> _Information supplied_:
════

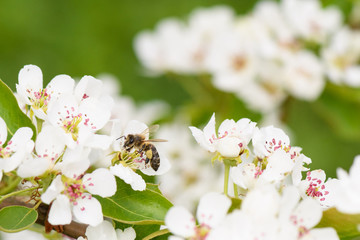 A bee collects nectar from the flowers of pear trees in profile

════

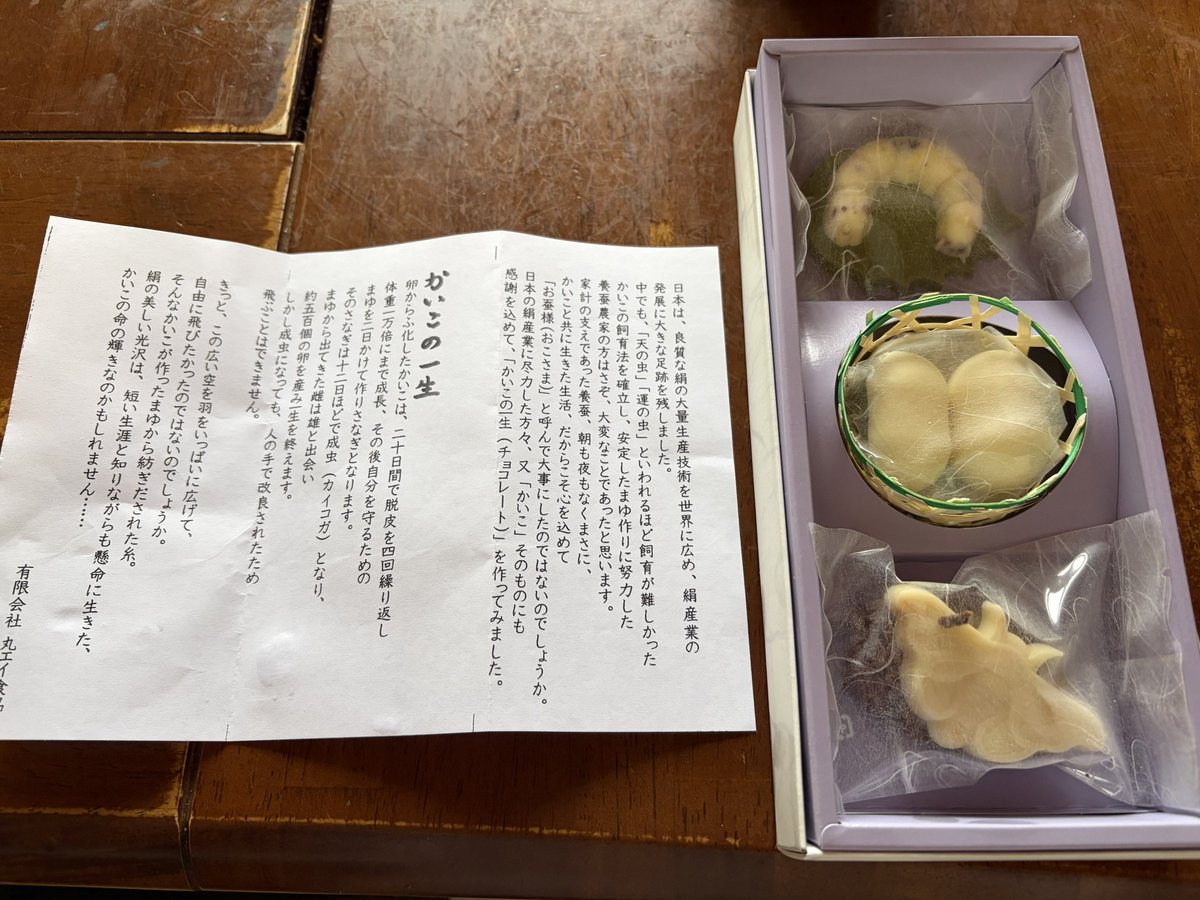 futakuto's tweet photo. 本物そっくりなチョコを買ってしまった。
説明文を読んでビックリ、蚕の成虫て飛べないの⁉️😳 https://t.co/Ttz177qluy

════

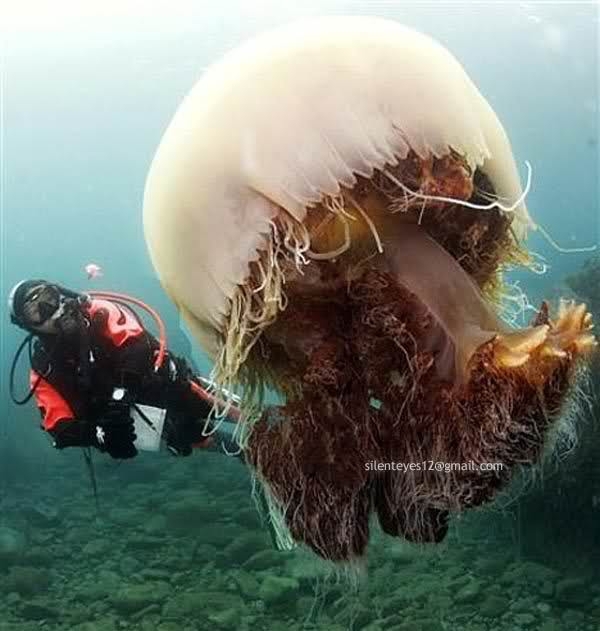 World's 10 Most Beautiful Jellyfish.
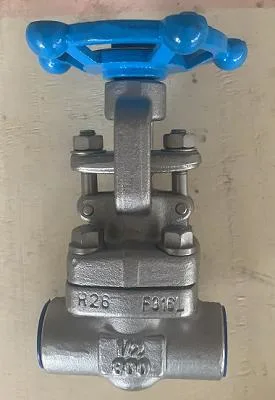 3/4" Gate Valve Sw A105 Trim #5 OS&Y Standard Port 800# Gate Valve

════

> _What you need to do_: Copy word for word the lines of the records above from the one with "futakuto's tweet photo. 本物そっくりなチョコを買ってしまった。" up to and including the one with "説明文を読んでビックリ、蚕の". Skip the pictures.

> _Task result_:
 futakuto's tweet photo. 本物そっくりなチョコを買ってしまった。
説明文を読んでビックリ、蚕の成虫て飛べないの⁉️😳 https://t.co/Ttz177qluy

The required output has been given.